Примерно лет через восемь, после того как мы застали Анечку и Шенечку на крымском пляже, в квартире Анны Рословой раздался телефонный звонок. Маленькая дочь Анны взяла трубку.
— Мама, это тебя, мама, какой-то дядя! — Дяди маме звонили действительно редко.
— Шенечка! — вскрикнула она, едва услышала голос в трубке, но тут же спохватилась и поправилась: — Алексей!
После первых обычных горячих приветствий учившихся в ранней юности вместе, довольно еще молодых людей, не видевшихся восемь лет, после взаимных сбивчивых вопросов: как ты? что ты? где ты? кого встречала из наших? неужели? как он живет? а она? — Левицкий внезапно надолго умолк.
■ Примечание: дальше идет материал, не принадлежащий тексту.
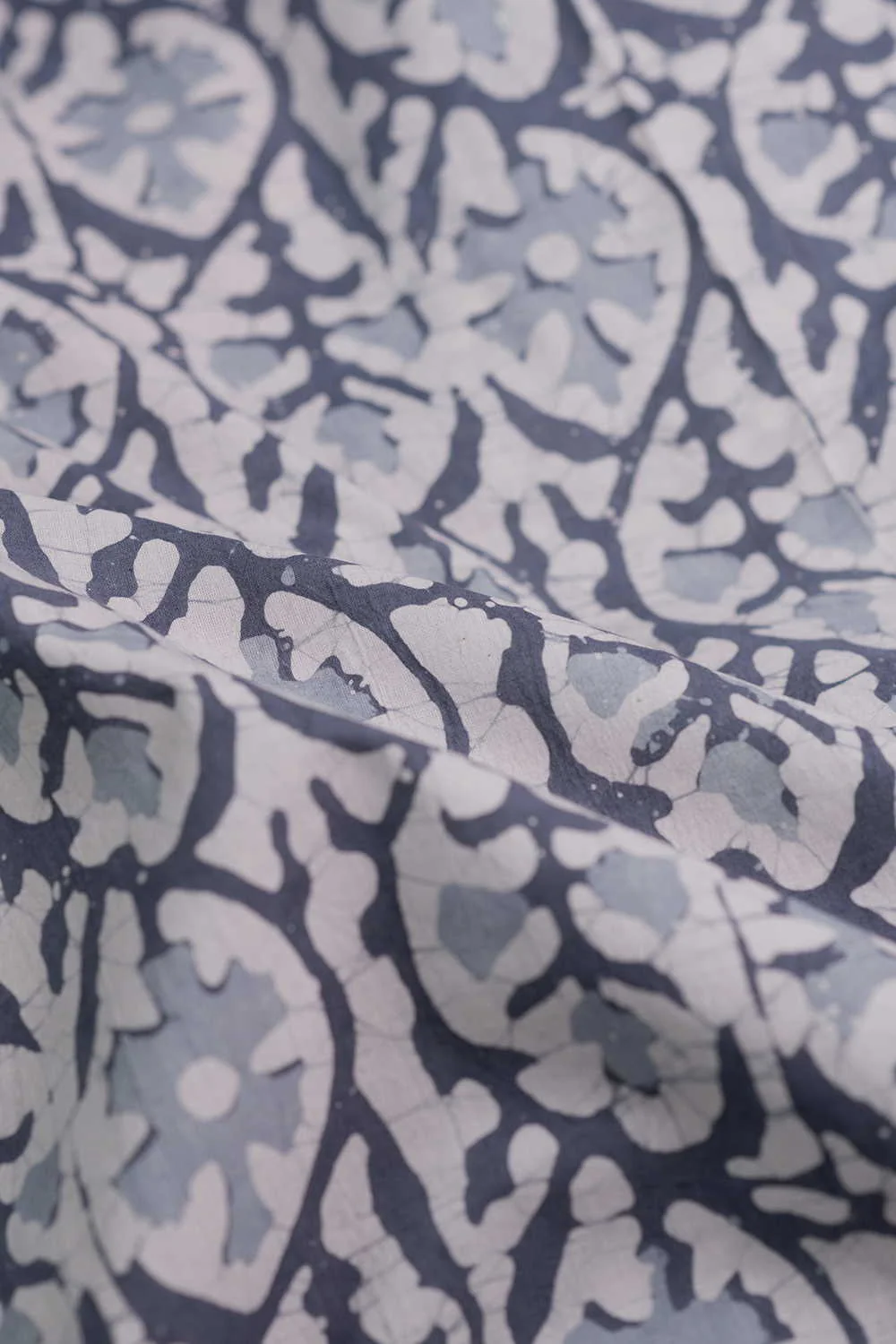 Floral Design Block Printed Batik Cotton Fabric - Image 3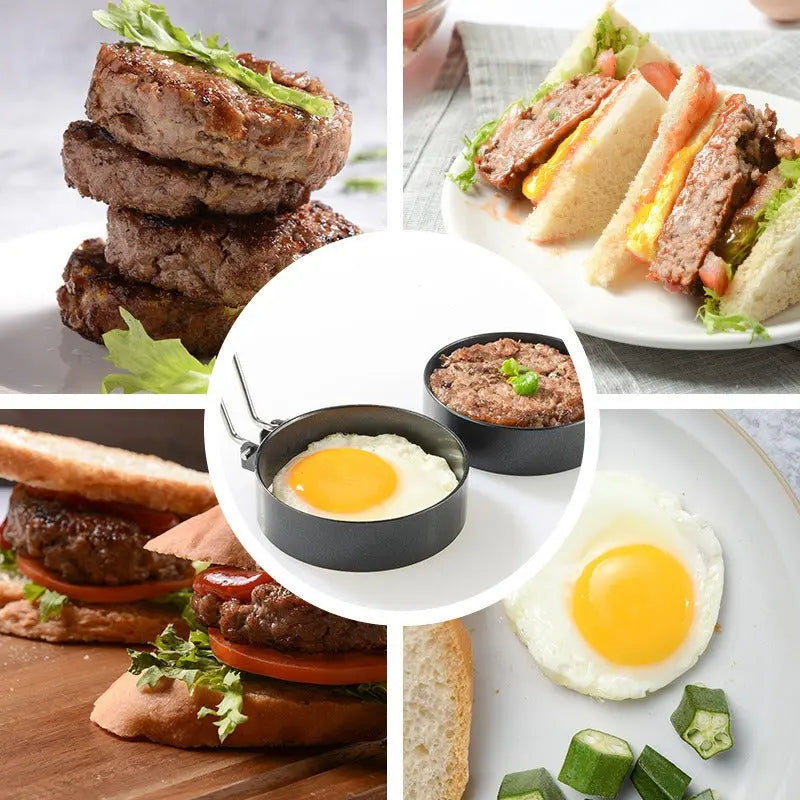 Creative thickened stainless steel non stick coating circular egg fryer hamburger patty mold eprolo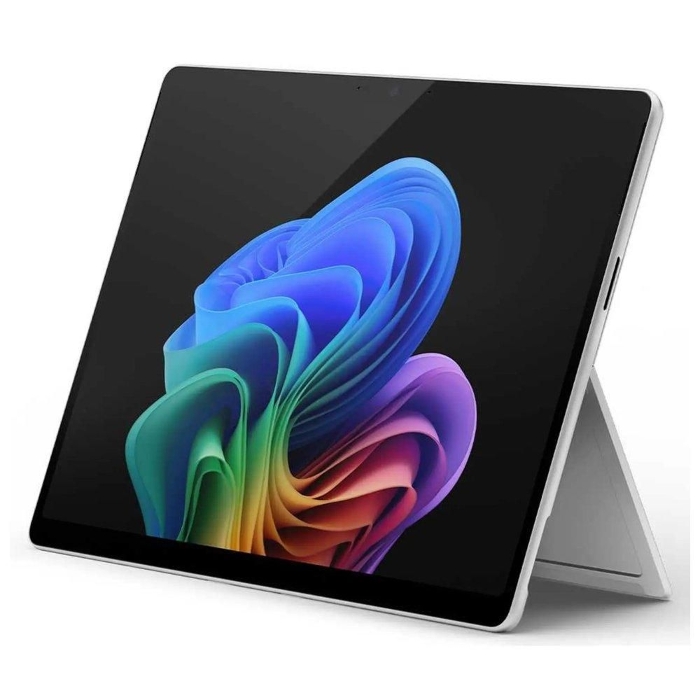 صورة لابتوب مايكروسوفت سيرفس برو، معالج سنابدراجون إكس إيليت، ذاكرة وصول عشوائي 16 جيجابايت، سعة تخزين SSD 512 جيجابايت، معالج رسومات كوالكوم أدرينو شاشة 13 بوصة، نظام التشغيل ويندوز 11 هوم، ZIA-00008 - بلاتينيوم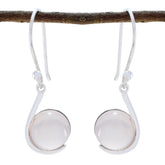 Rose-Quartz-Italian-Kennedy-Solitaire-Dangle-Pink-Sterling-Silver-Earring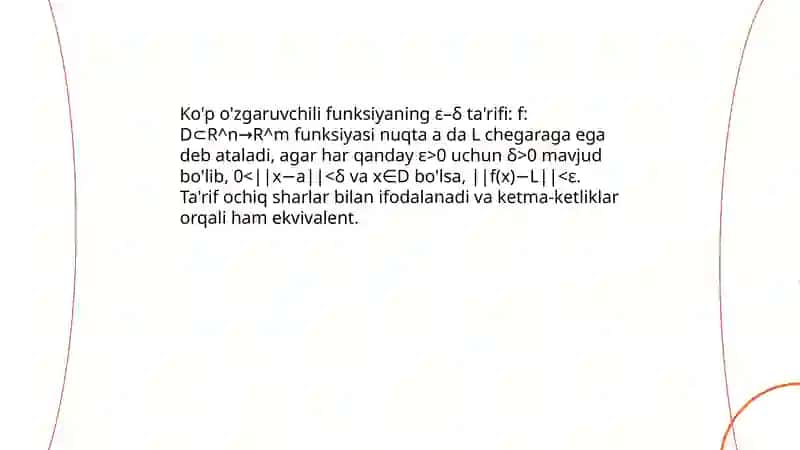Kop ozgaruvchili funksiyaning limiti va uzluksizligi 3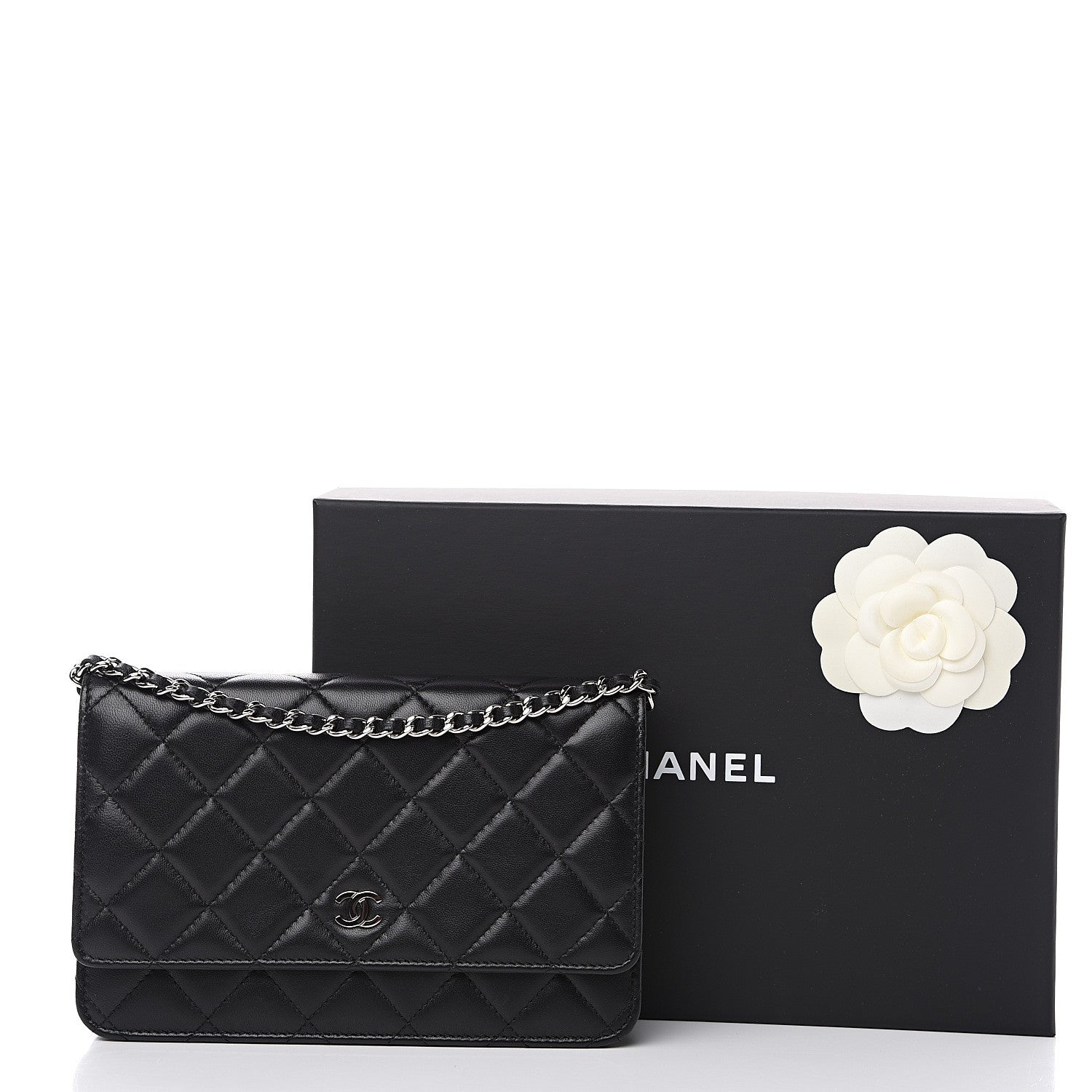 Chanel Lambskin Quilted Wallet On Chain WOC Black 12 of 12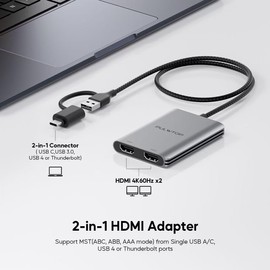 PULWTOP Displaylink Adapter, USB-C to HDMI Adapter with Dual Monitor 4K@60Hz for Mac M1/M2/M3/M4, and Windows, Thunderbolt 3/4, USB 3.0 or USB-C, Driver Required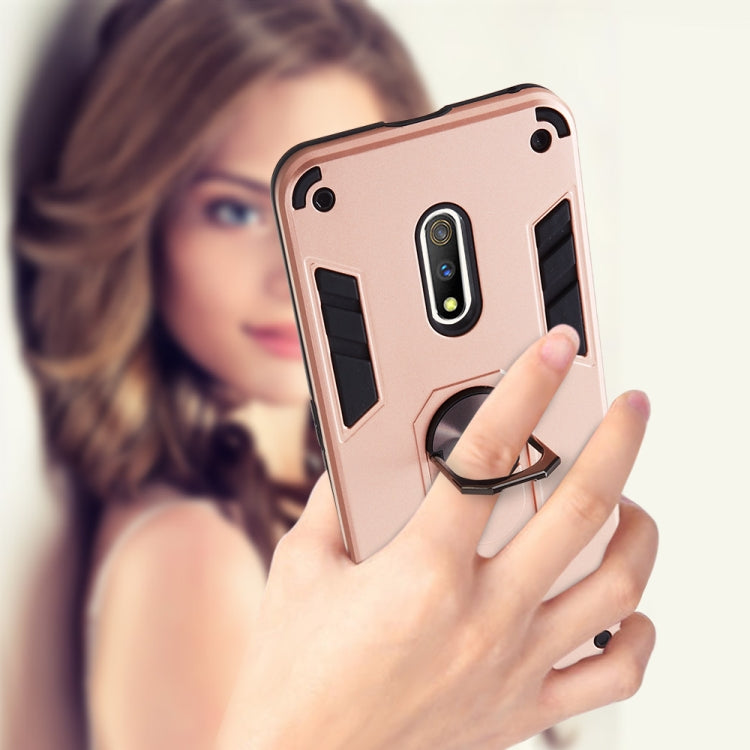 For OPPO K3 & Realme X 2 in 1 Armour Series PC + TPU Protective Case with Ring Holder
Анна подумала, что испортился телефон, и с досадой собралась уже положить трубку, но в это время Левицкий кашлянул, и она, смеясь, рассказала ему, как только что чуть-чуть не бросила трубку, думая, что сломался телефон, но Левицкий по-прежнему молчал, и она тоже растерянно замолчала, а потом, спохватившись, торопясь и сбиваясь, почему-то стала рассказывать, как на прошлой неделе в субботу поехали с дочкой за город и как та потеряла почти новую чистошерстяную кофту, как вернулись в лес на следующее утро, просто так, для очистки совести, ни на что не надеясь, и… «представь себе, Алексей, — нашли ведь кофту: она висела в самой чаще очень высоко на елке, прямо как новогодний подарок Деда Мороза!». Но Левицкий продолжал молчать, как бы дожидаясь чего-то, и Анна опять смущенно замолчала. Некоторое время они молчали. Потом Левицкий вежливо простился с нею и положил трубку.